_Directions_
Nothing but the lines below from the one that contains "2 bedrooms Apartment" through the one that contains "Game Music - Fate / Extra Ccc / O.S.T." should be retyped, exactly and including both ends. Do not include pictures.

--- Listed entries Enclosed Below ---

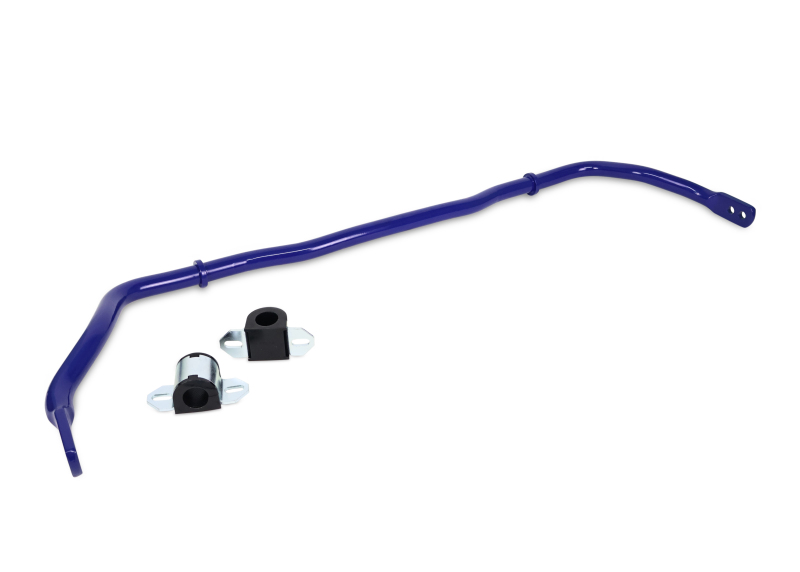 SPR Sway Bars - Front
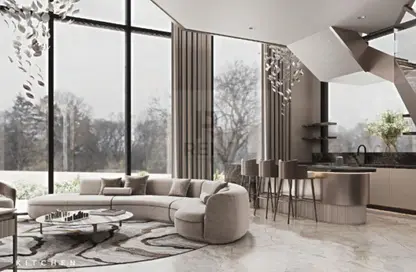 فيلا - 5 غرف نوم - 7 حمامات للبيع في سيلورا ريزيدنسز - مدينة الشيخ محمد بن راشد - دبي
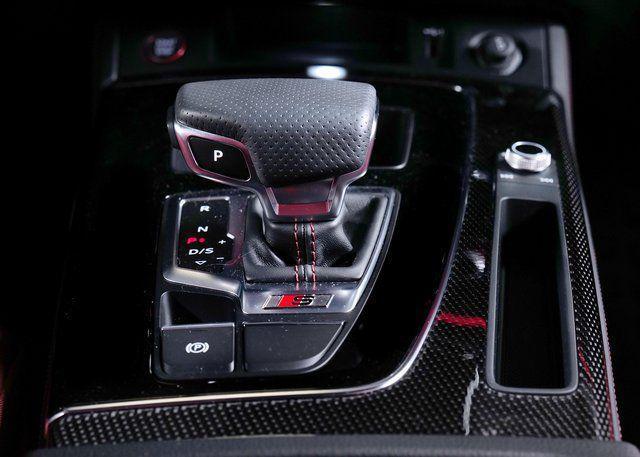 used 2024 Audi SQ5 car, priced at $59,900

--- End of Enclosed Listed entries ---
--- Listed entries Enclosed Below ---

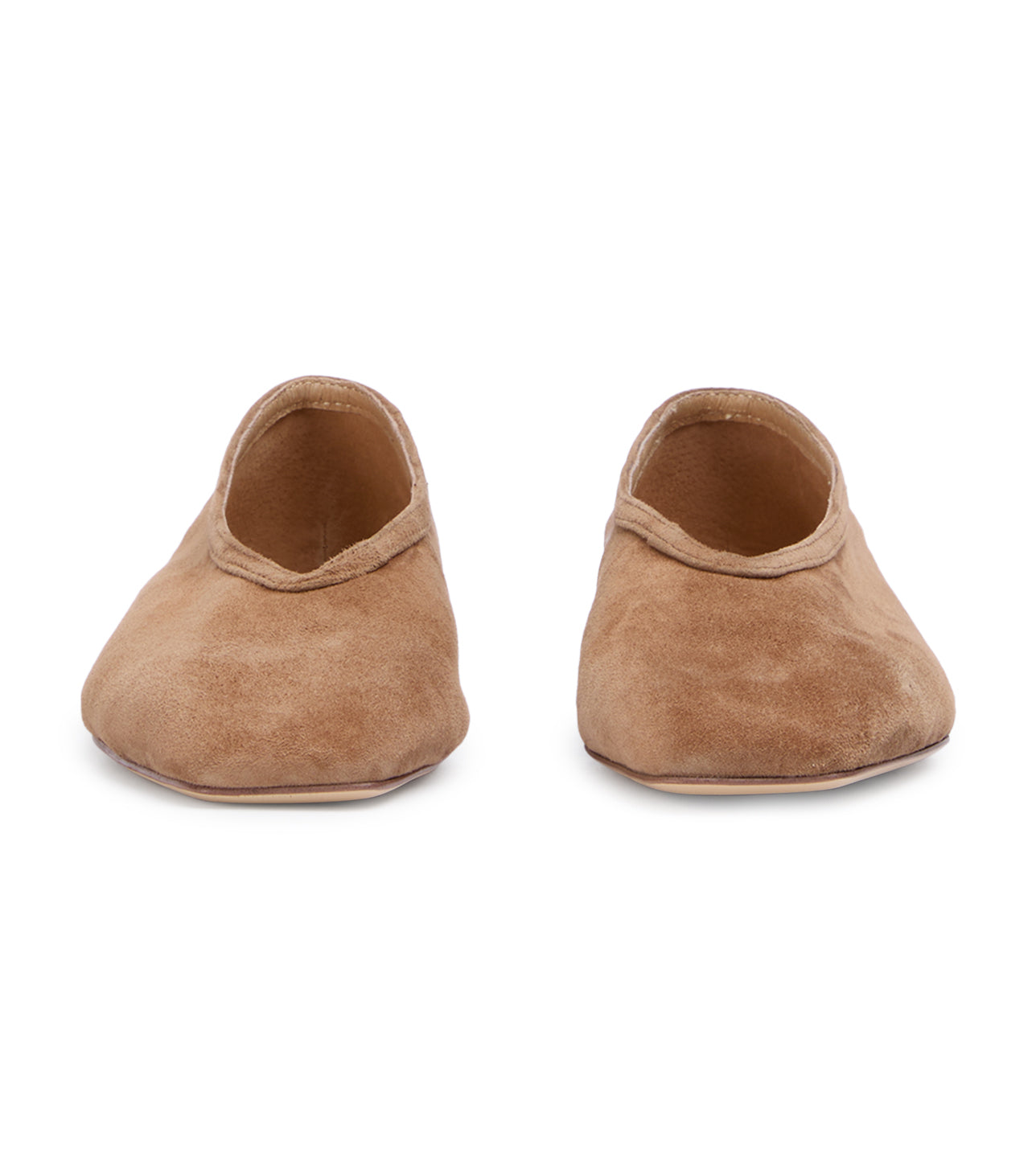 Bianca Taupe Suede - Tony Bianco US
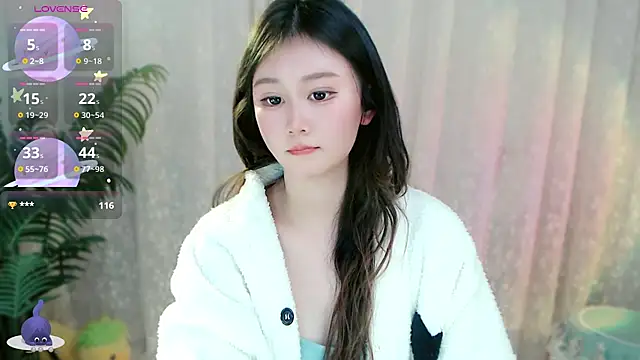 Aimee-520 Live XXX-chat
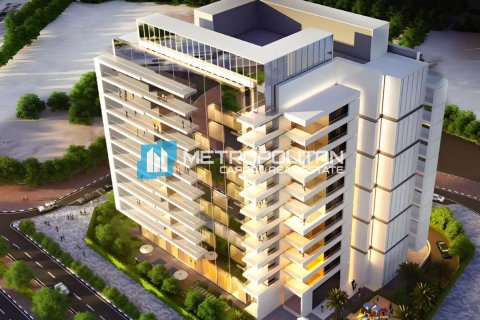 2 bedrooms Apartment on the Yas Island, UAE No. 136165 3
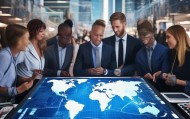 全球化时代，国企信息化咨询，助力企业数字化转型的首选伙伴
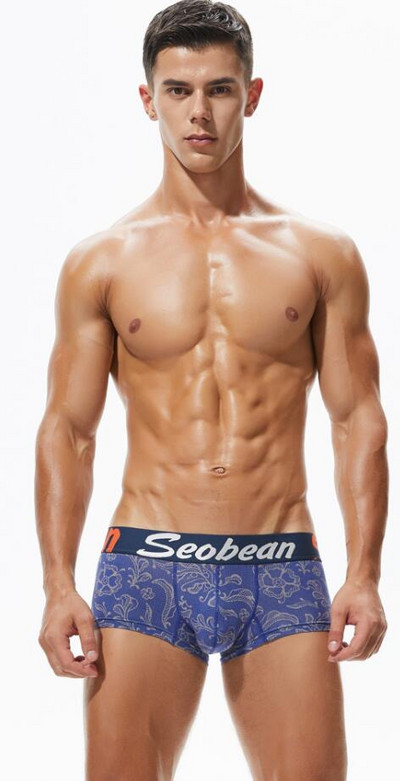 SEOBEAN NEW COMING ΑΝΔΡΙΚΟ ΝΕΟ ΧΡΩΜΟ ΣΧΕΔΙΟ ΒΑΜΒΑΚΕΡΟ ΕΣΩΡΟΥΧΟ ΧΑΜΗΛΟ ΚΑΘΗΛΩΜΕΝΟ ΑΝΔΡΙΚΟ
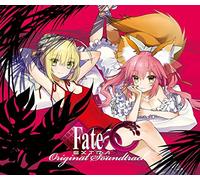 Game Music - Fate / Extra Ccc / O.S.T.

--- End of Enclosed Listed entries ---

_Expected output_
 2 bedrooms Apartment on the Yas Island, UAE No. 136165 3
 全球化时代，国企信息化咨询，助力企业数字化转型的首选伙伴
 SEOBEAN NEW COMING ΑΝΔΡΙΚΟ ΝΕΟ ΧΡΩΜΟ ΣΧΕΔΙΟ ΒΑΜΒΑΚΕΡΟ ΕΣΩΡΟΥΧΟ ΧΑΜΗΛΟ ΚΑΘΗΛΩΜΕΝΟ ΑΝΔΡΙΚΟ
 Game Music - Fate / Extra Ccc / O.S.T.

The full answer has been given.